Ia menambahkan saat ini yang digunakan adalah melakukan pemeriksaan dengan swab, dengan apusan, usapan yang dilaksanakan di dinding belakang rongga hidung atau di dinding belakang rongga mulut.
“Nah kalau ini maka kita akan melakukan pemeriksaan terhadap virusnya, antigennya. Artinya kalau ditemukan positif maka diyakini di penderita tersebut ada virusnya,” jelas Yuri.
Untuk metode rapid test, lanjut Yuri, yang digunakan adalah sebenarnya screening, penapisan secara pendahuluan terhadap adanya kasus positif di masyarakat.
“Oleh karena itu, yang kita periksa untuk cara cepat ini adalah melakukan pemeriksaan antibodinya yang ada di dalam darah sehingga spesimen yang diambil adalah darah, bukan apusan tenggorokan. Diharapkan dengan adanya pemeriksaan ini maka kita bisa menjaring dengan kasar tentunya secara cepat tentang keberadaan kasus positif,” urai Yuri.

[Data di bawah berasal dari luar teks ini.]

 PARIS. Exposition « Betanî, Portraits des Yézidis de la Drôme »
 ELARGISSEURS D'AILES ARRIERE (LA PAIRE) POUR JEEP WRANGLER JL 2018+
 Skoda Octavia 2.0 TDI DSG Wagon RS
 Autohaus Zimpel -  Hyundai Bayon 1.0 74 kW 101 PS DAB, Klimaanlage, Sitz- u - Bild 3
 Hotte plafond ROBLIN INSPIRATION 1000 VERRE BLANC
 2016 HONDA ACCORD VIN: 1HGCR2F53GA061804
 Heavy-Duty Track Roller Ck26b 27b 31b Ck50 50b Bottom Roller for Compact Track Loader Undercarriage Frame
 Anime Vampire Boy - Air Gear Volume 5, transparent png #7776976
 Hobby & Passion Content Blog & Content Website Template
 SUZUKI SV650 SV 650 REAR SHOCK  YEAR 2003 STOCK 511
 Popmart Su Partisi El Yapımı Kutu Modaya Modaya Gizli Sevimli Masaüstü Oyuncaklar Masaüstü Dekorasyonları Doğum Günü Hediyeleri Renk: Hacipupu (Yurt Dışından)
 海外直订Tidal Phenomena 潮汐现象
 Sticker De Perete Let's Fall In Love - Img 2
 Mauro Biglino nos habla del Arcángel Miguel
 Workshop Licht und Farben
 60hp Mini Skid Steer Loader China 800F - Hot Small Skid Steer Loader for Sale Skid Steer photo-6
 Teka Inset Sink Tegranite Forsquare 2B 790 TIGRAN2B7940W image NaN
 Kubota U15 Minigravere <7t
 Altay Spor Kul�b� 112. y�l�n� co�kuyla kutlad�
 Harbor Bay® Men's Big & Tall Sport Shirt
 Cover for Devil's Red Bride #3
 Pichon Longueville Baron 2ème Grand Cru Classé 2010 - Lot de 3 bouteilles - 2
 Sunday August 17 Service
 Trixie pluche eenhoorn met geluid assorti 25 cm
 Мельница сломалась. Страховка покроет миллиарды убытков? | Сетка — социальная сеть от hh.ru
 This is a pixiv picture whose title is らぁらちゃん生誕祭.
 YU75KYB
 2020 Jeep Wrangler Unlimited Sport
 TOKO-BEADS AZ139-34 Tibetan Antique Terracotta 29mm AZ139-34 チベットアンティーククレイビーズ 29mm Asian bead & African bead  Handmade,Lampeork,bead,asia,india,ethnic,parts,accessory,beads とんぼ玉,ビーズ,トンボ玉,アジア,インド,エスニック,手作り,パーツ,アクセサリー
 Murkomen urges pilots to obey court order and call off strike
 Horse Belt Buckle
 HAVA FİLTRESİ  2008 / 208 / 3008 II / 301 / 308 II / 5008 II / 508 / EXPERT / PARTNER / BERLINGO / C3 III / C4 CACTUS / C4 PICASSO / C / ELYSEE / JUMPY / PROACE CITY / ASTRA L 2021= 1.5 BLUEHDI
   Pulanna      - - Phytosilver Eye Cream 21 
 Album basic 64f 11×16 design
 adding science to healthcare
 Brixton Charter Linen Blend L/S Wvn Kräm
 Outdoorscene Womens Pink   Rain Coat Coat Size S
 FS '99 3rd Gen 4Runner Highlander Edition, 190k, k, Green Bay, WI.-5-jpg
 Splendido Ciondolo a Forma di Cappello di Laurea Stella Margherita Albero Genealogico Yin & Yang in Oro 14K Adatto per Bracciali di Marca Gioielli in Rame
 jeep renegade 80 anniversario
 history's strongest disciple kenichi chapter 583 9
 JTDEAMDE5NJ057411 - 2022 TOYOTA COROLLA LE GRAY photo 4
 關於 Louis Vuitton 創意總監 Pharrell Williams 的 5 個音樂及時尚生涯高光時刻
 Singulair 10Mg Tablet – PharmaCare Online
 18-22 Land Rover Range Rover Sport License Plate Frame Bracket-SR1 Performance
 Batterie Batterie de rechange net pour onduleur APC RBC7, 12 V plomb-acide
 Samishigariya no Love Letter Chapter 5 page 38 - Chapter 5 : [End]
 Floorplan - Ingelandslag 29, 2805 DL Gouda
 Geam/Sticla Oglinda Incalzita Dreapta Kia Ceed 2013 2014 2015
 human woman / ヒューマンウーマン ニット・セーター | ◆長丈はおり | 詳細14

Pemeriksaan rapid test dengan menggunakan basis pemeriksaan antibodi, menurut Yuri, tentunya kalau hasilnya negatif belum bisa memberikan jaminan bahwa yang bersangkutan tidak terinfeksi.
“Bisa saja terinfeksi tetapi pada tahap-tahap awal karena antibodinya belum terbentuk, dibutuhkan waktu antara 6-7 hari untuk terbentuknya antibodi yang kemudian bisa kita identifikasi sebagai positif di dalam pemeriksaan rapid ini,” katanya.
Yang kemudian harus dilakukan manakala pemeriksaan pertama negatif, tambah Yuri, adalah mengulang kembali dan sudah disepakati bahwa akan mengulang kembali setelah 10 hari, harapannya antibodi itu sudah terbentuk dan bisa diidentifikasi.
“Kalau hasilnya positif maka kita yakini sedang terinfeksi oleh virus, tetapi kalau hasilnya negatif 2 kali maka kita bisa meyakini bahwa tidak terinfeksi oleh virus. Tetapi juga dimaknai tidak adanya antibodi di dalam tubuhnya, artinya sangat mungkin bisa terinfeksi apabila kemudian mengabaikan upaya-upaya untuk melakukan pencegahan terhadap penularan,” ujarnya.
Jika hasilnya positif, Yuri menyarankan tentunya akan ditindaklanjuti dengan pemeriksaan antigennya melalui pemeriksaan swab dan kemudian akan mencoba mulai menggunakan PCR untuk melihat ini.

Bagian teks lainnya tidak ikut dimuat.